After executing the example code, I got some warnings about missing dependencies, such as tensorflow. I installed those as well over pip.

You do not need to install tensorflow for a pytorch workflow. Thanks for the code.

SPP3000 commented 11 months ago

You do not need to install tensorflow for a pytorch workflow. Thanks for the code.

Ok good to know!

From my side everything is clear and if wanted we can close the issue anytime.

Victor055 commented 10 months ago

I installed it in a python virtual environment without the use of any images.

pip install transformers4rec and pip install cudf-cu11 dask-cudf-cu11 --extra-index-url=https://pypi.nvidia.com

After executing the example code, I got some warnings about missing dependencies, such as tensorflow. I installed those as well over pip.

The problem I was facing, is that my installation gave me the newest version of the huggingface transformers, for which a the private function _pad_across_processes() has been removed from their Trainer class.

You might want to account for this in your upcoming releases.
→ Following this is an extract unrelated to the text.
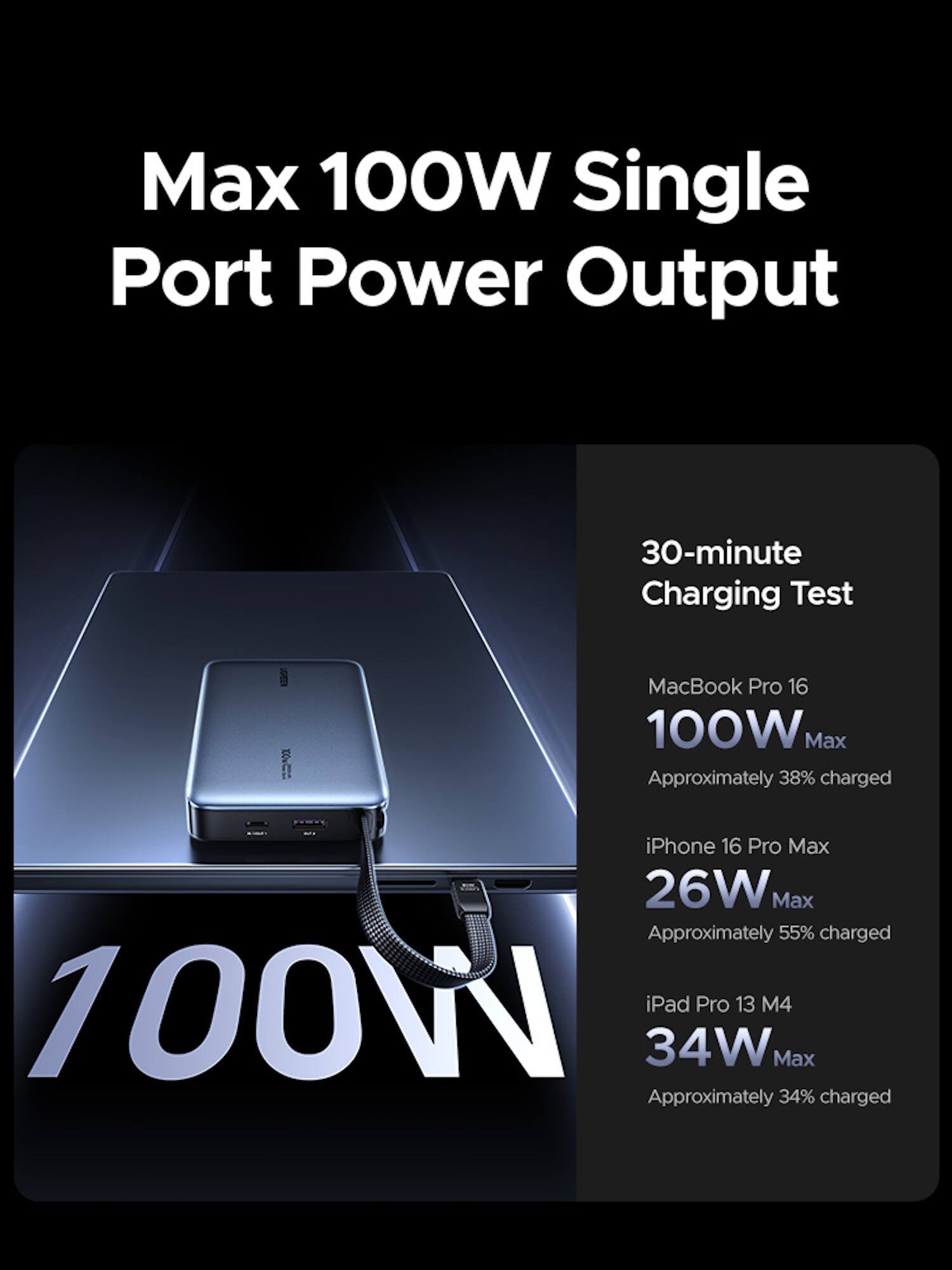 Max 100W Single Port Power Output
For now I copy and pasted the missing code part into the Trainer class.

    # Copied from Accelerate.
    def _pad_across_processes(self, tensor, pad_index=-100):
        """
        Recursively pad the tensors in a nested list/tuple/dictionary of tensors from all devices to the same size so
        they can safely be gathered.
        """
        if isinstance(tensor, (list, tuple)):
            return type(tensor)(self._pad_across_processes(t, pad_index=pad_index) for t in tensor)
        elif isinstance(tensor, dict):
            return type(tensor)({k: self._pad_across_processes(v, pad_index=pad_index) for k, v in tensor.items()})
        elif not isinstance(tensor, torch.Tensor):
            raise TypeError(
                f"Can't pad the values of type {type(tensor)}, only of nested list/tuple/dicts of tensors."
            )

        if len(tensor.shape) < 2:
            return tensor
        # Gather all sizes
        size = torch.tensor(tensor.shape, device=tensor.device)[None]
        sizes = self._nested_gather(size).cpu()

        max_size = max(s[1] for s in sizes)
        # When extracting XLA graphs for compilation, max_size is 0,
        # so use inequality to avoid errors.
        if tensor.shape[1] >= max_size:
            return tensor

        # Then pad to the maximum size
        old_size = tensor.shape
        new_size = list(old_size)
        new_size[1] = max_size
        new_tensor = tensor.new_zeros(tuple(new_size)) + pad_index
        new_tensor[:, : old_size[1]] = tensor
        return new_tensor

Hi, sorry I'm starting to use Transformers4Rec. My solution was install the follow based on your conclusion. I didn't find any solution in other sites, Thanks for sharing your knowledge.

!pip install --upgrade accelerate !pip install transformers==4.28.0

SPP3000 commented 10 months ago

Thank you for providing an alternative solution that does not require manipulating code in the background. I can confirm that this solution works as well.